あれ、弱くない?
謎の地下通路の先には……意外な人物がいた。
ユーマオス・レクドリア。
レオンの父にして、フェミア街の周辺を収める悪徳領主。
この場には明らかに不釣り合いな男が、醜悪な笑みを称えて俺の前に立ちふさがっていた。
だが……あいつを問いただす前に、いまはやるべきことがある。
「ユリシア。大丈夫か」
「う、うん……っ」
かつて仲の良かった幼馴染は、頬をやや赤く染めながら頷いた。
相当ひどい目に遭ったようで、服の各部がはだけてはいるが――それ以外は無事なようだな。
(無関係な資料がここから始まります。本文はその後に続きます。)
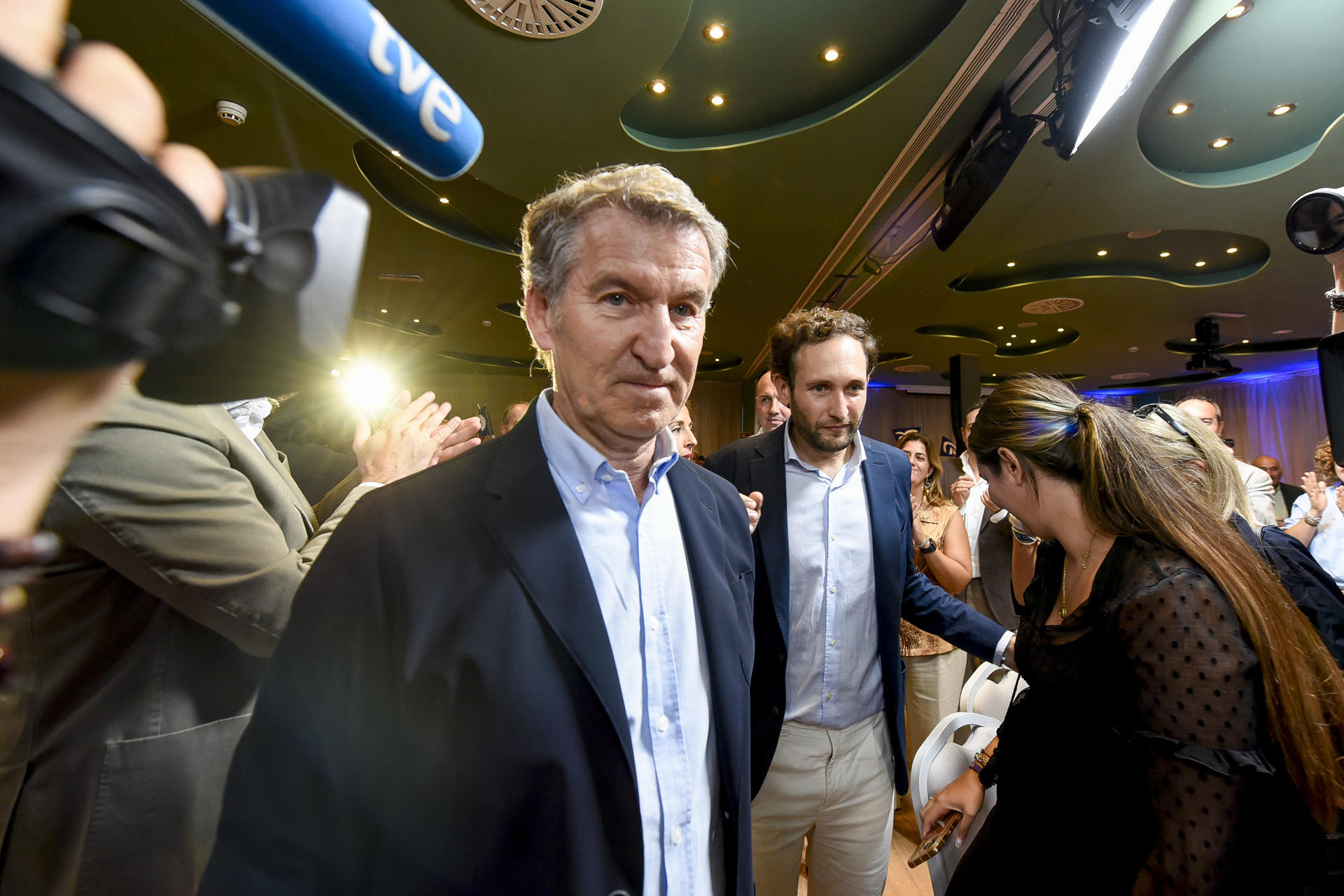 HUESCA, 13/10/2026.- El presidente del PP, Alberto Núñez Feijóo, asiste este martes a un acto del partido en Huesca. EFE/ Javier Blasco
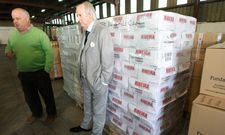 Jes�s Busto -izquierda- con Ramiro Carregal, principal benefactor de las ayudas a estudiantes. 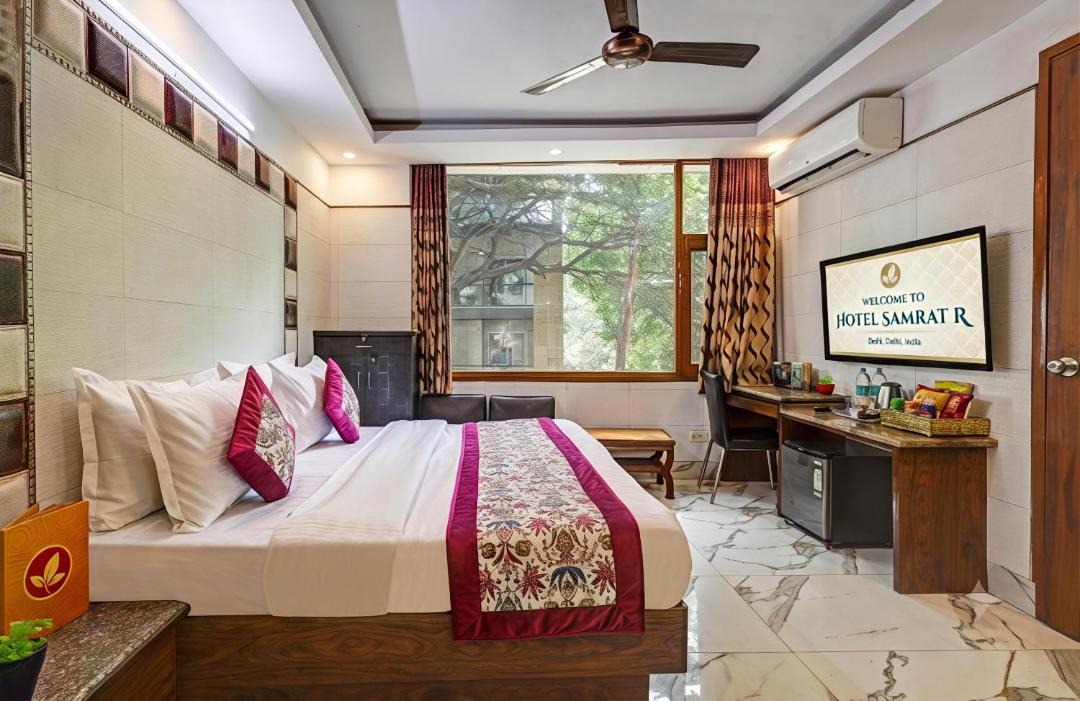 Jangpura Hotel | Hotel Hotel Samrat R Near Nizamuddin Railway Station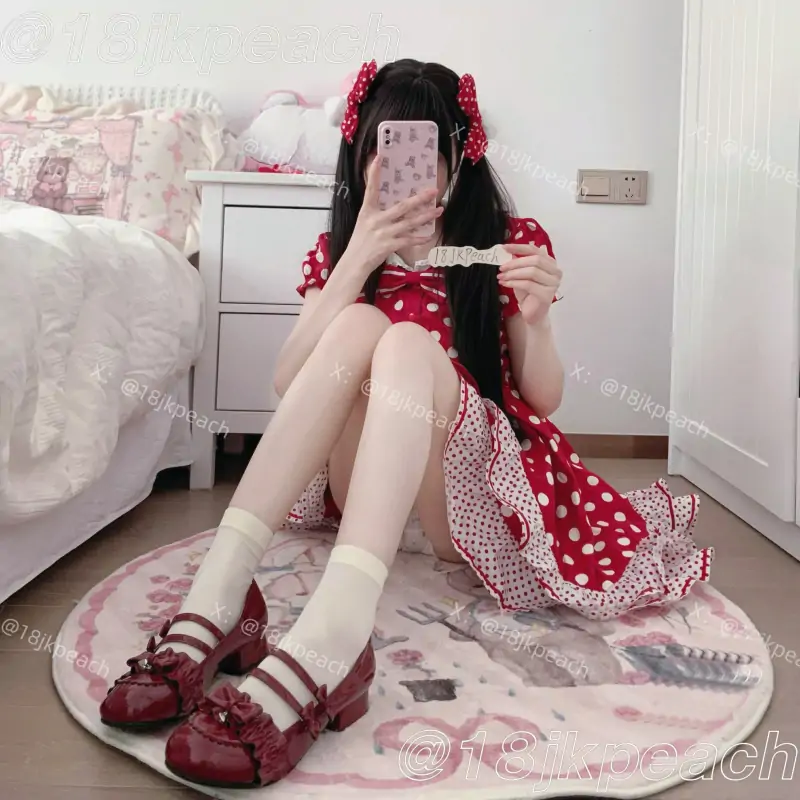 一颗甜桃(仙仙桃)@18jkpeach – [1314门槛] 14分钟 安东尼蛋糕 [77P1V-2.13G]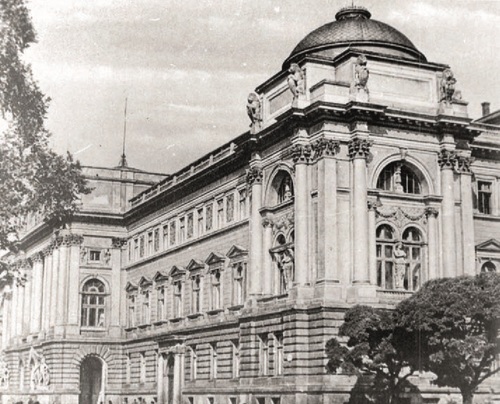 Budynek byłego sejmu galicyjskiego we Lwowie. Zdjęcie niemieckie z lat czterdziestych. Fot. AIPN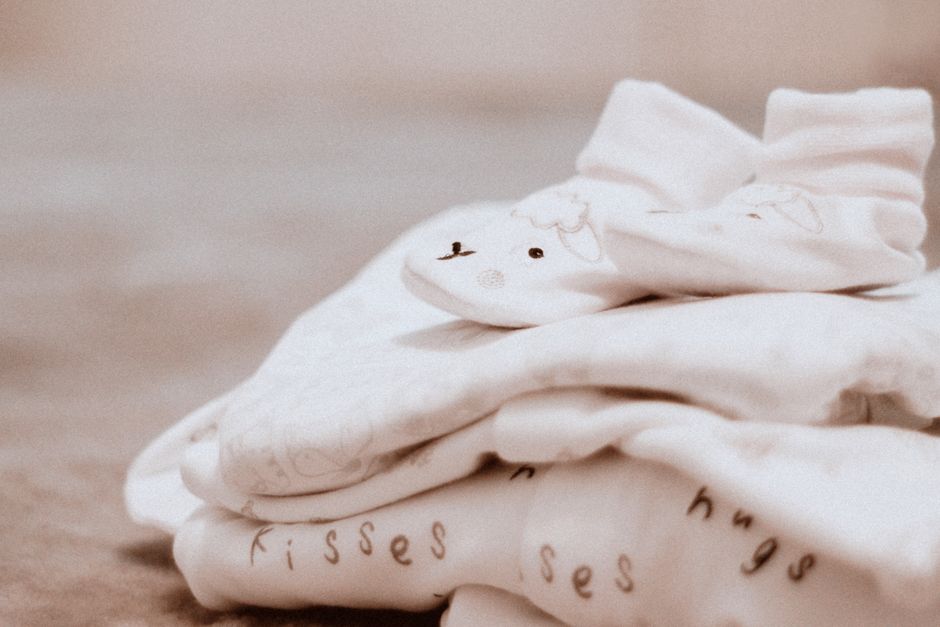 Vêtements de bébé blancs à motifs posés à plat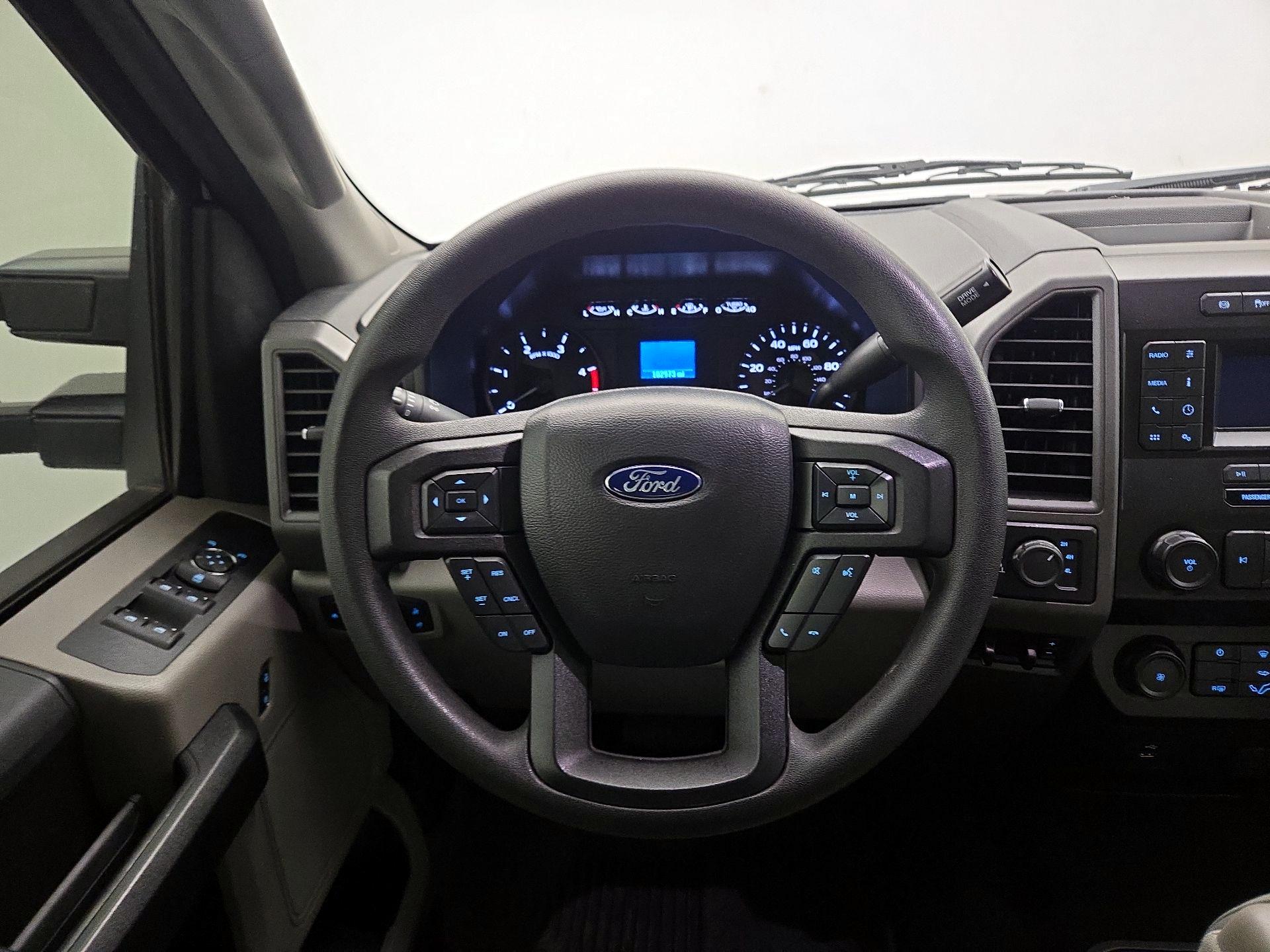 Thumbnail: 2020 Ford F-250 - 10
あのまま俺が間に合わなかったら、ユーマオスがなにをするつもりだったか……
想像したくもないが。
「ありがとう、助けにきてくれて……」
頬を赤く染めたまま、ユリシアがぽつりと呟いた。
「……ここにきたのは、勇者の仕事で……?」
「まあ……そうなるな。けど」
俺は懐からピンク色のハンカチを取り出すと、そのハンカチでユリシアの涙を拭ってみせた。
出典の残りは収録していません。